Keep the index local, offline, and deterministic. codehub analyze --offline opens zero sockets. The graphHash is byte-identical whether you run a full or an incremental index at the same commit. Acceptance gate 6 checks that invariant on every run.
Cover 15 languages; deepen five with SCIP. Fourteen parse through tree-sitter, and a regex provider handles fixed-format COBOL. Five (TypeScript, Python, Go, Rust, Java) also run a native SCIP indexer. Heuristic call edges miss cross-module resolution. So the scip-index phase indexes each language once, and the confidence-demote phase reconciles heuristic edges against compiler-grade ones. A sibling testbed repo holds the gym that gates per-language F1 against SCIP baselines.

Gate every eval and gym run in three layers. The testbed checks an absolute F1 floor, a relative F1 delta, and per-case non-regression. Acceptance gate 9 requires at least 40 of 49 Python-eval cases to pass. A soft regression fails the run.
Fail CI on any non-zero exit. pnpm run check chains lint, typecheck, test, and banned-strings, stopping at the first failure. CI runs the same chain plus OSV, CodeQL, Scorecard, SARIF schema validation, commitlint, and the license allowlist. The banned-strings sweep enforces clean-room IP hygiene.
Keep MCP responses structured, versioned, and self-describing. Every tool returns a next_steps array. When the index lags HEAD, it adds a _meta["codehub/staleness"] envelope. Failures carry a typed code such as AMBIGUOUS_REPO, never a free-form string. That shape is what makes the tools safe inside automated agent loops.

Do not operate a server or SaaS. DuckDB is embedded. The MCP server is a stdio process. ADR 0001 rejects any engine that would need a daemon. The product ships as a CLI plus an MCP server, nothing hosted.
Do not port to Rust before it is needed. ADR 0002 measured p95 single-file incremental analysis at 195-250ms on the 100-file fixture, well under the 1s gate. It projects a cold 100k-LOC analyze at 3 to 5 seconds. Rust is deferred to v2.1 or later. The re-trigger conditions are tied to measured latency on real user repos.

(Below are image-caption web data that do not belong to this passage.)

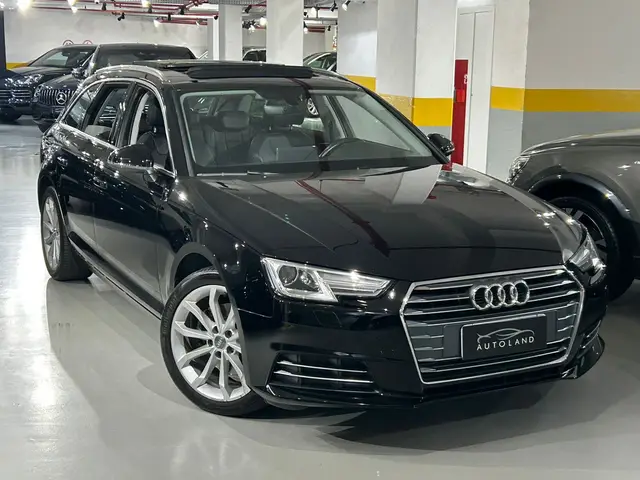 Carro Audi A4 Avant 2018 A4 2.0 TFSI Avant Ambiente S Tronic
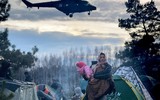 Xe tăng Nga xuất hiện ở biên giới Belarus - Ba Lan khi căng thẳng leo thang?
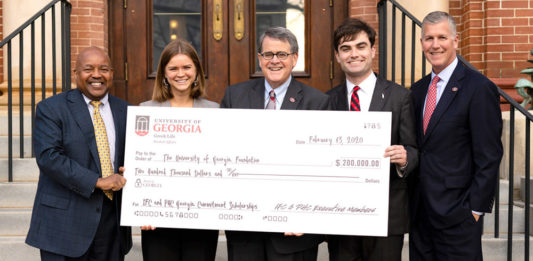 IFC endows $100k scholarship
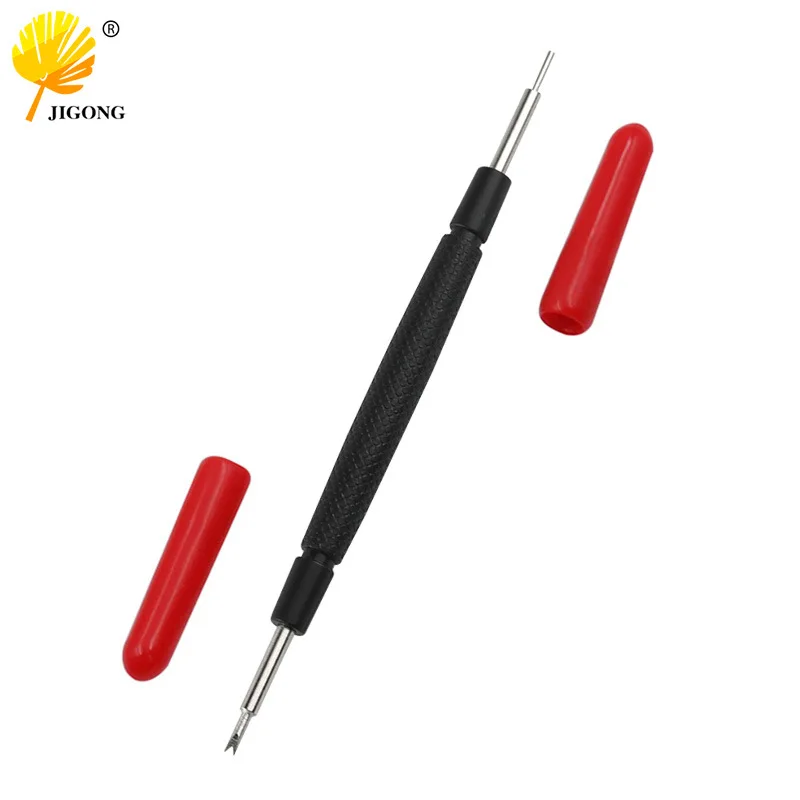 Strap regulator 1.2 Small ear batch Double head with rubber sleeve Protective watch repair tool Watch installation and removal t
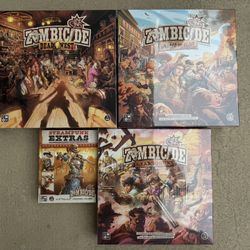 Zombicide Undead Or Alive (New)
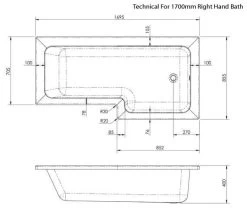 Nuie Square White Shower Bath Set 14 Nuie Square White Shower Bath Set -Bathroom Supplie Shop M 2019 3 13 10 7 6 704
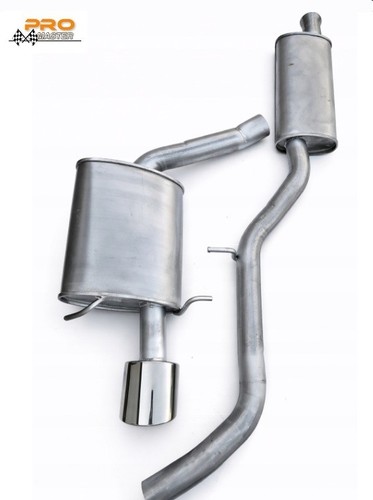 Exhaust back box - exhaust,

Get from clone to a working agent in one sequence. A user runs mise install, then pnpm install --frozen-lockfile, then codehub setup, then codehub analyze. After that, their agent can call impact, detect_changes, and context on a real repo. Acceptance gates 1-8 confirm this happy path. Gates 10-15 confirm the opt-in paths for embeddings, scanners, SARIF validation, license audit, and verdict. The README promises this flow. scripts/acceptance.sh verifies it.